Aclaramos estos puntos con el mayor respeto hacia Eduardo “Atín” Martínez, así como a todos los productores que, con encomiable esfuerzo, arriesgan su propio dinero en divulgar y promover a los artistas, tanto uruguayos como extranjeros. Lo único que deben comprender es que el salario de los creadores no es un rubro prescindible de sus costos, porque si no existieran canciones inolvidables como las nombradas, no venderían entradas y su negocio se derrumbaría. Ningún privado tiene potestad de decidir dadivosamente lo que debe cobrar un autor: alcanza con que se cumpla la disposición legal correspondiente.

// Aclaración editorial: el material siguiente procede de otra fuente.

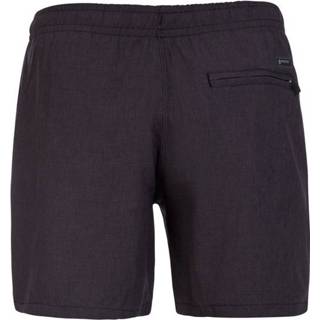 👉 XXL zwart Protest Dave 8718025752195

Consultado por el periodista Sebastián Cabrera de El País, el productor Ruben Yizmeyián ha dicho que “somos los últimos de la fila: cobran todos y el dinero lo generamos nosotros”. No es así. El empresario financia y por ello merece percibir utilidades, pero quien genera el dinero es el artista con su creación.
Estoy seguro de que la inmensa mayoría de los productores saben esto muy bien.
Lo que me resultó inquietante, en el caso que nos ocupa, fue la sorprendente postura de la Intendencia de Montevideo. Según la crónica de El País, voceros de la comuna entienden “razonable la discusión jurídica” que plantea el empresario rebelde. Esto no se compadece con la impecable gestión de derechos que realiza la Intendencia desde hace décadas en el Teatro Solís, las salas Verdi y Zitarrosa y todos los espacios culturales que tan bien administra. Lo que vale para un autor que estrena en cualquiera de estas salas, debería valer también para los compositores a quienes un privado birla sus legítimos ingresos, aunque a la Intendencia eso le parezca razonable.
Los autores merecemos una rectificación fuerte y clara de las autoridades departamentales.